§ Available records:
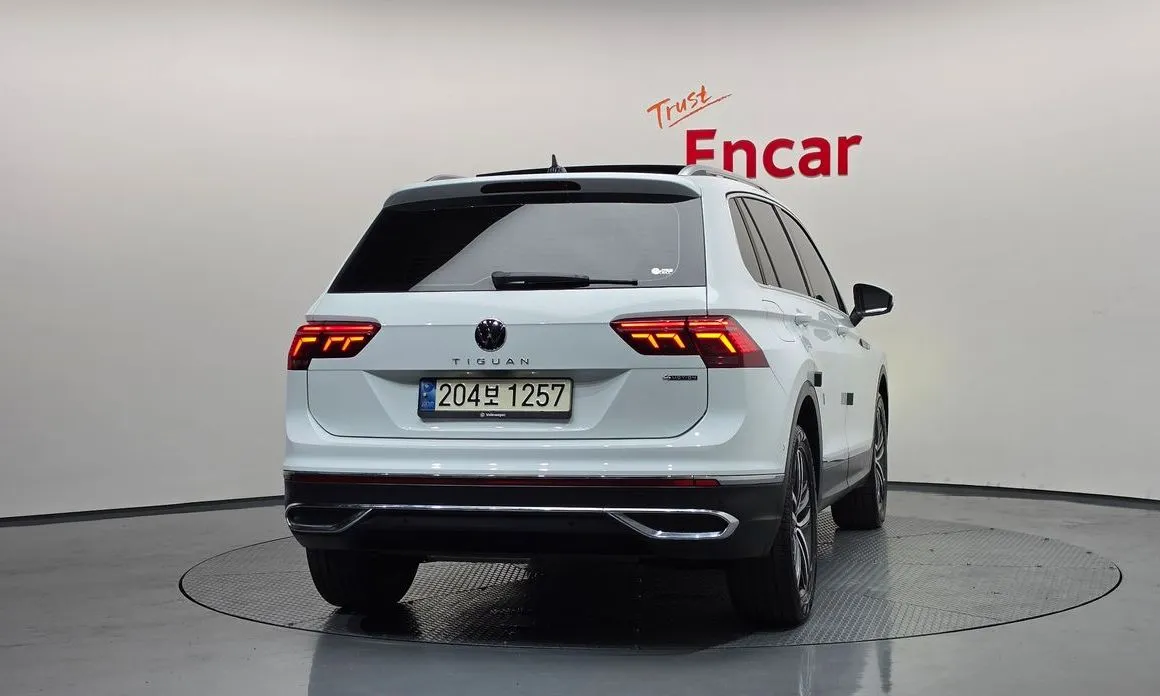 Volkswagen Tiguan — фото 3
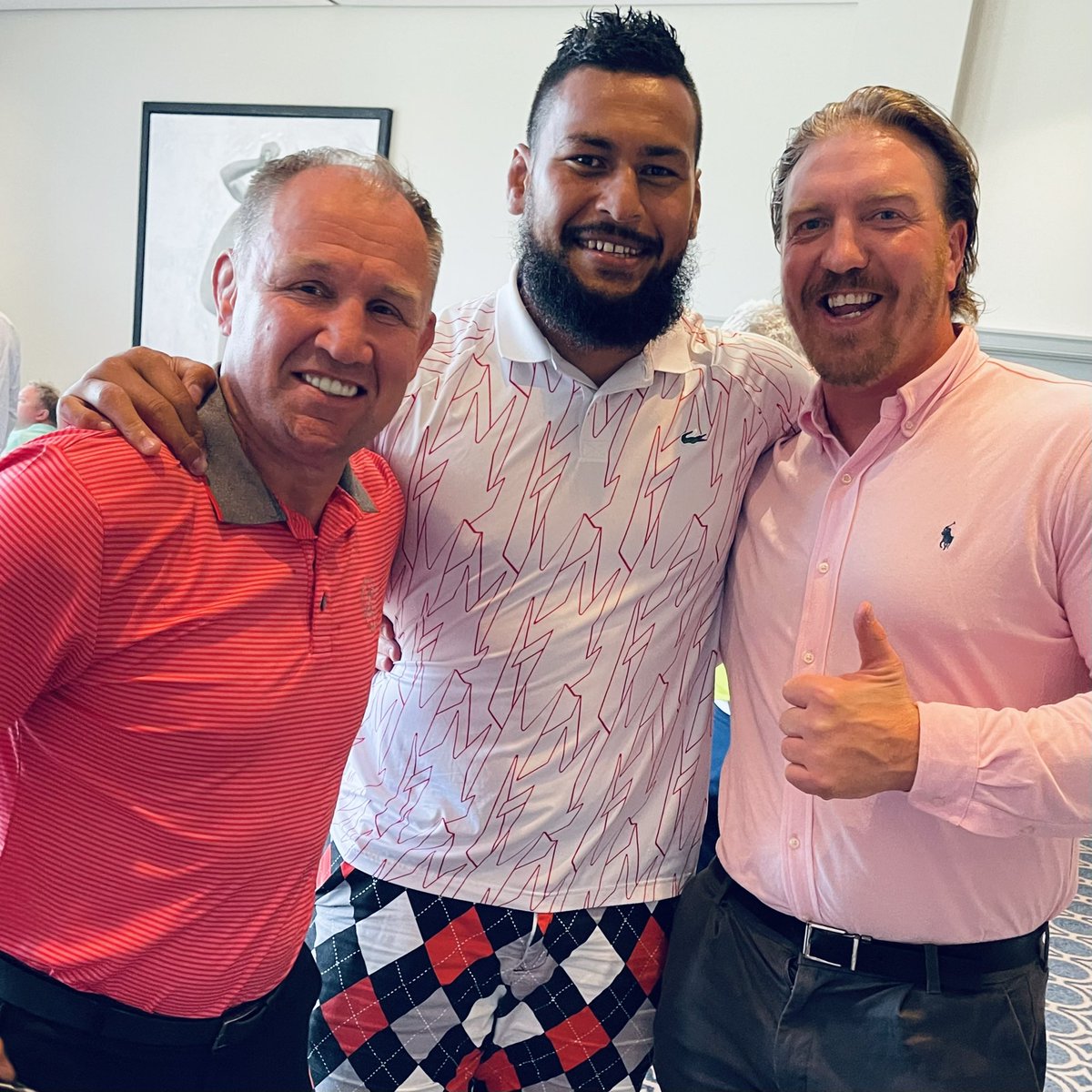 When you are surrounded by two old GOATS 🐐 

Great Golfing With The Lads.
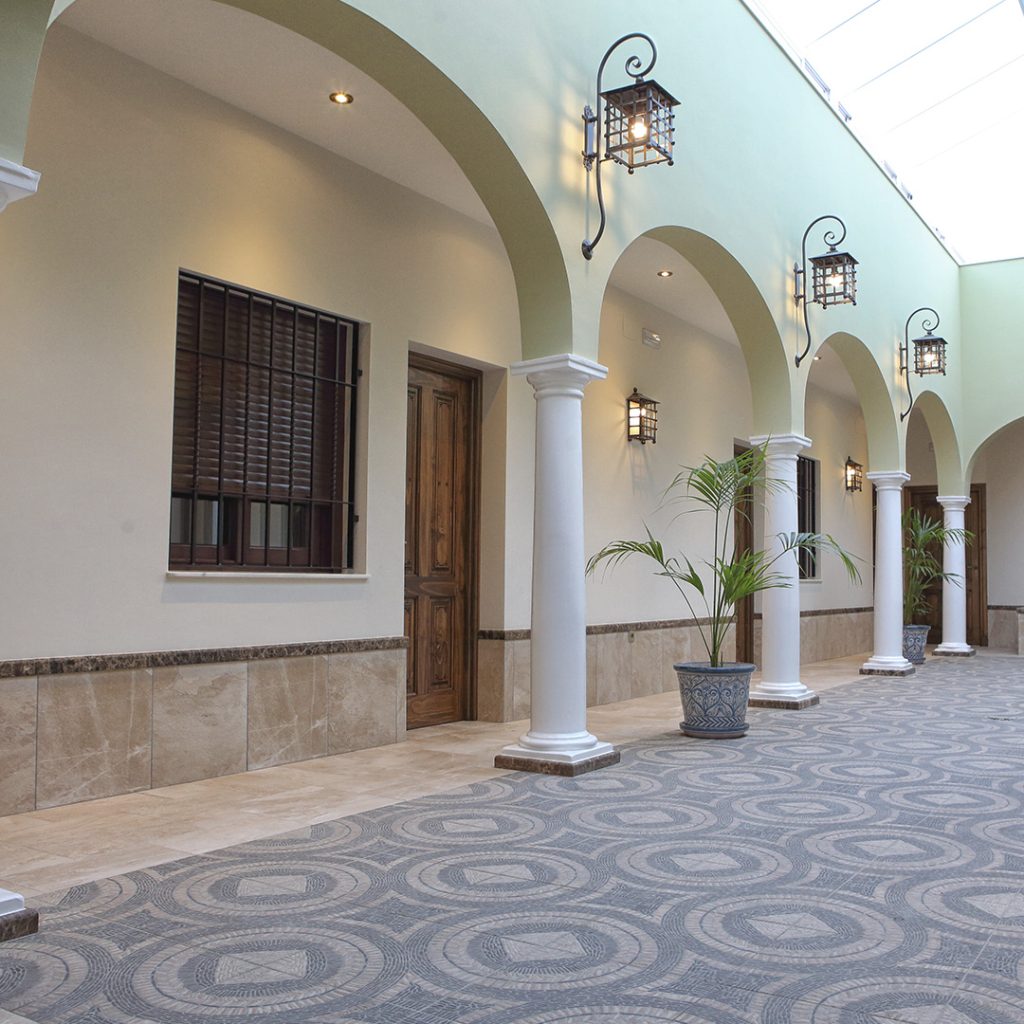 Patio Interior - Hostal Garlu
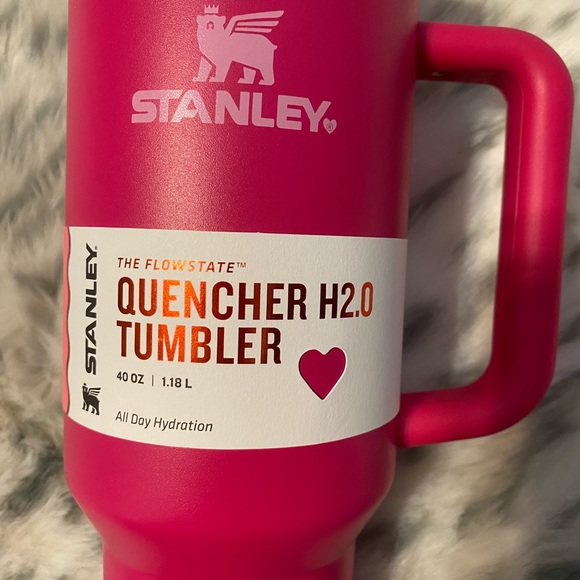 LIMITED EDITION Valentine’s Day Pink Stanley Thermos 40oz - Picture 2 of 9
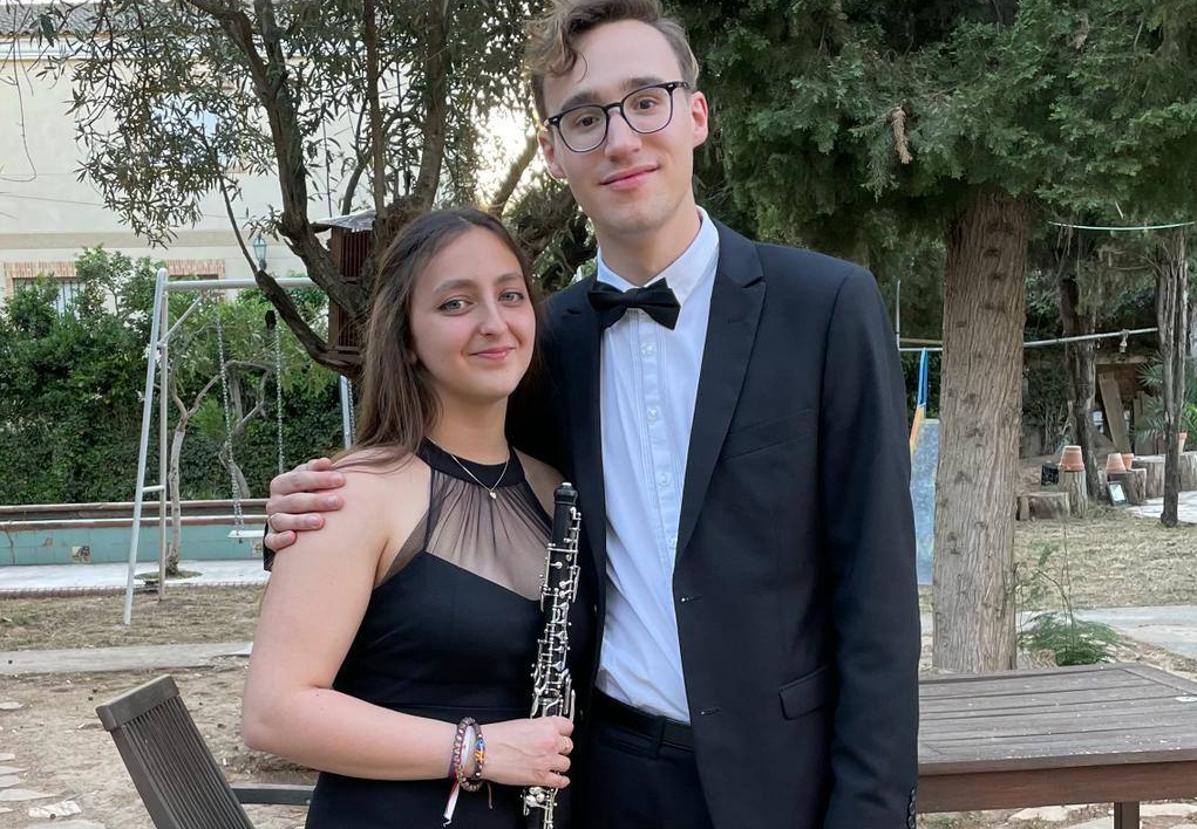 La oboísta berciana Raquel Alberca Iglesias y el compositor valenciano Ferran López, Carrasquer forman el Dúo Lebhaft.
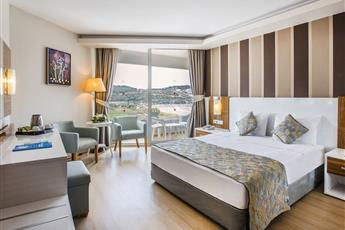 Palm Wings Ephesus Beach Resort 5*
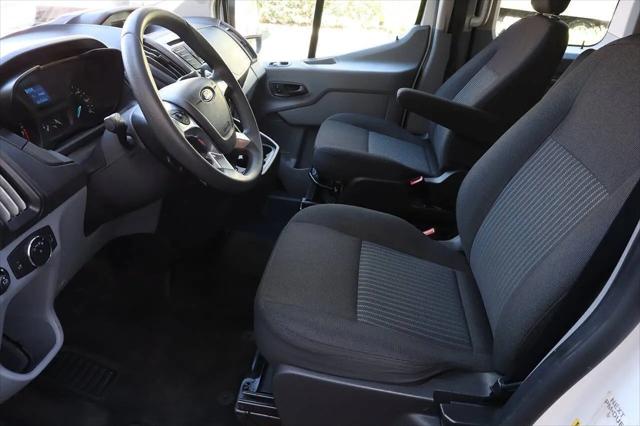 2017 Ford Transit XLT
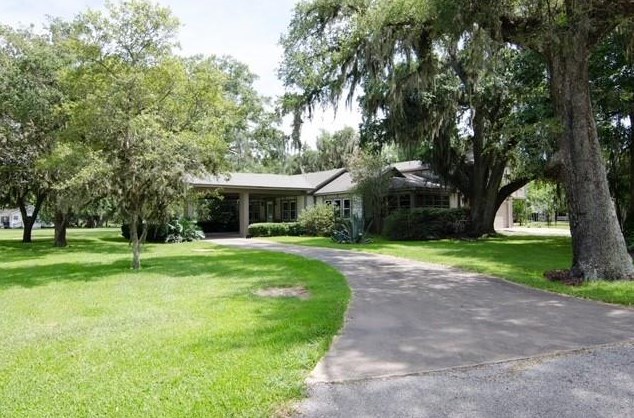 1730 S Columbia Dr, West Columbia, TX 77486
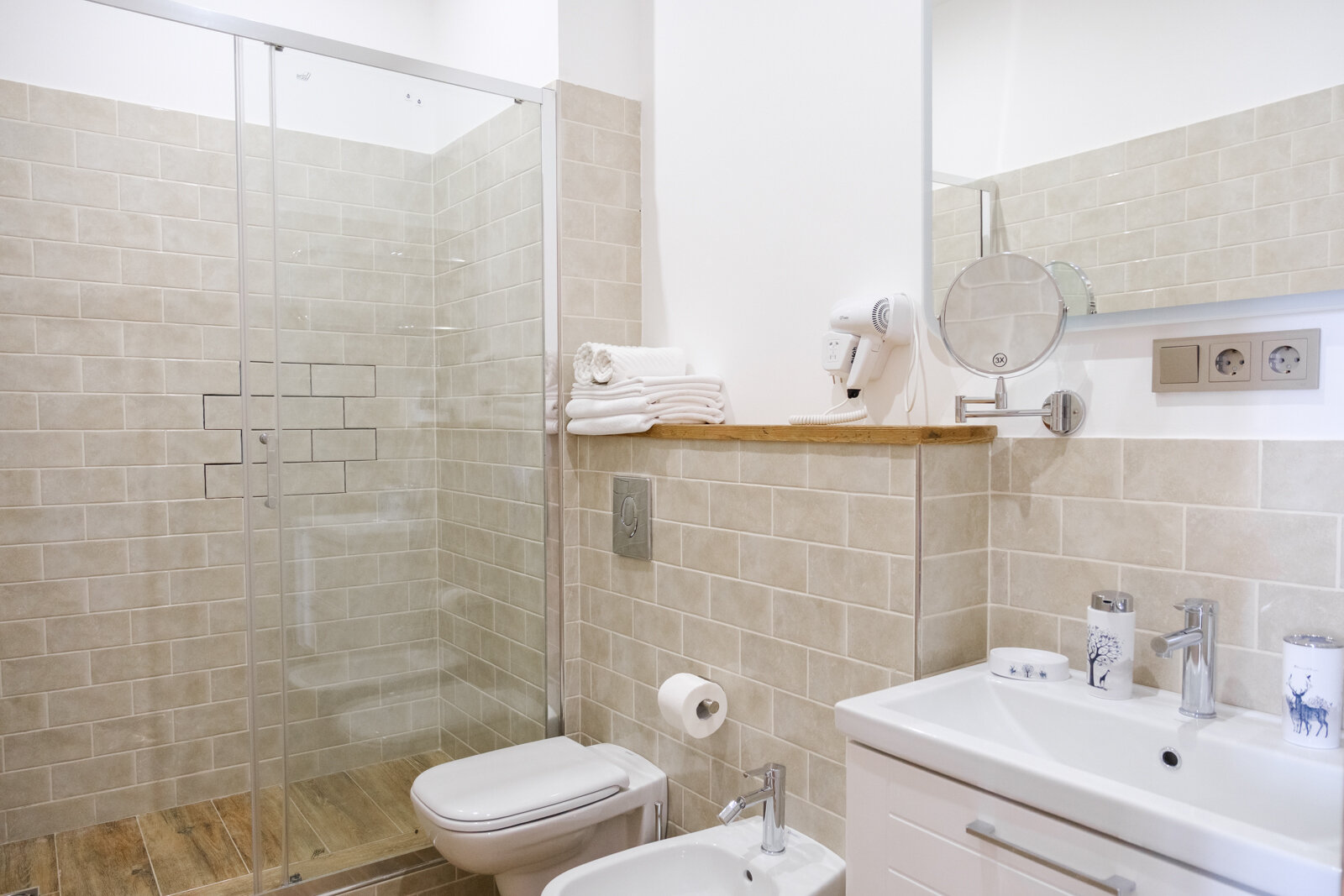 Джуниор сюит двухкомнатный 4-й этаж (409,407)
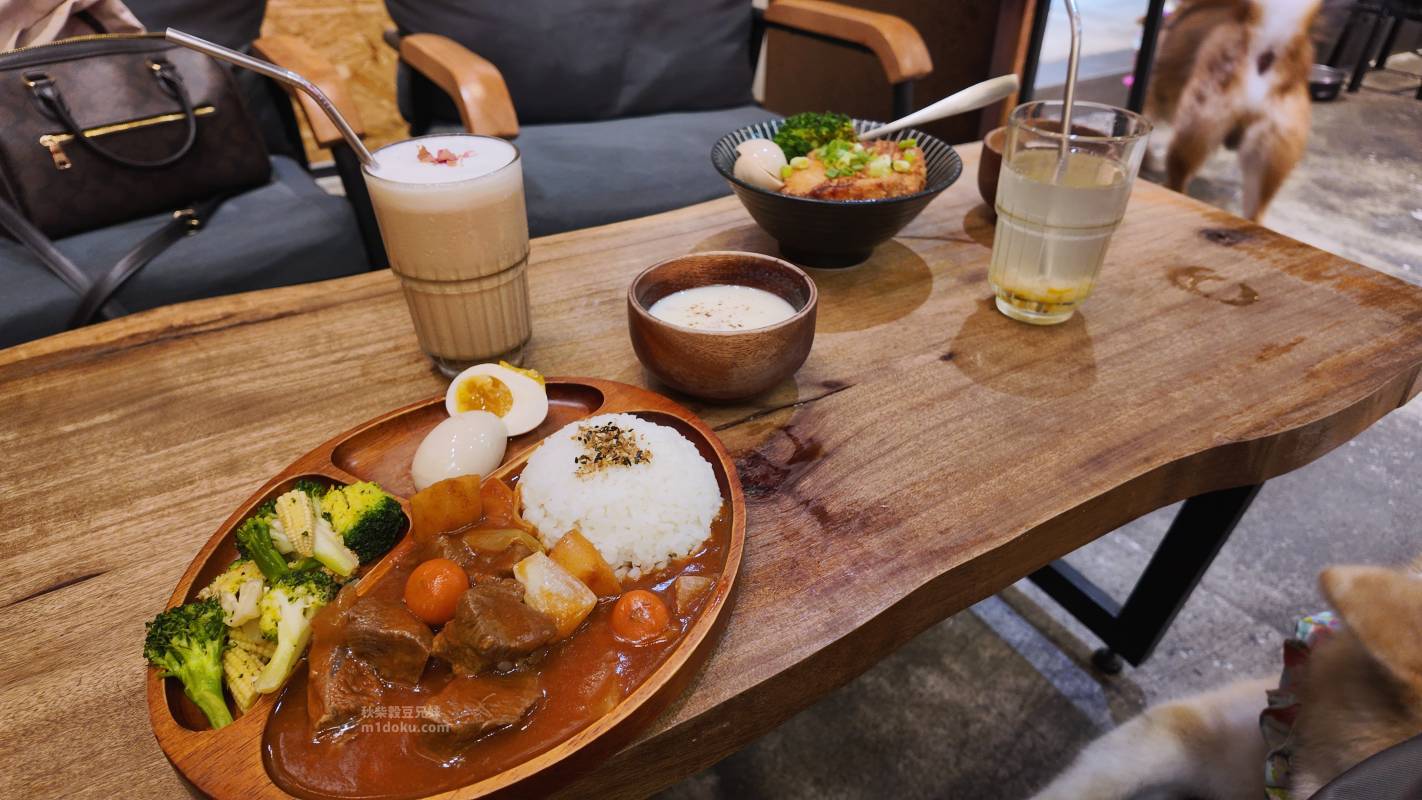 【永和寵物友善餐廳推薦】捲尾巴 Let’s Pet Paws Restaurant|帶毛孩來吃寵物鮮食!超澎湃早午餐、高CP值義大利麵,中永和寵物友善餐廳首選 米豆與米穀的日系美食探險! - 第22張圖 【永和寵物友善餐廳推薦】捲尾巴 Let’s Pet Paws Restaurant|帶毛孩來吃寵物鮮食!超澎湃早午餐、高CP值義大利麵,中永和寵物友善餐廳首選 米豆與米穀的日系美食探險!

§ Your objective:
What you return must match the records exactly, apart from the images, which are omitted.

§ Worked solution:
 Volkswagen Tiguan — фото 3
 When you are surrounded by two old GOATS 🐐 

Great Golfing With The Lads.
 Patio Interior - Hostal Garlu
 LIMITED EDITION Valentine’s Day Pink Stanley Thermos 40oz - Picture 2 of 9
 La oboísta berciana Raquel Alberca Iglesias y el compositor valenciano Ferran López, Carrasquer forman el Dúo Lebhaft.
 Palm Wings Ephesus Beach Resort 5*
 2017 Ford Transit XLT
 1730 S Columbia Dr, West Columbia, TX 77486
 Джуниор сюит двухкомнатный 4-й этаж (409,407)
 【永和寵物友善餐廳推薦】捲尾巴 Let’s Pet Paws Restaurant|帶毛孩來吃寵物鮮食!超澎湃早午餐、高CP值義大利麵,中永和寵物友善餐廳首選 米豆與米穀的日系美食探險! - 第22張圖 【永和寵物友善餐廳推薦】捲尾巴 Let’s Pet Paws Restaurant|帶毛孩來吃寵物鮮食!超澎湃早午餐、高CP值義大利麵,中永和寵物友善餐廳首選 米豆與米穀的日系美食探險!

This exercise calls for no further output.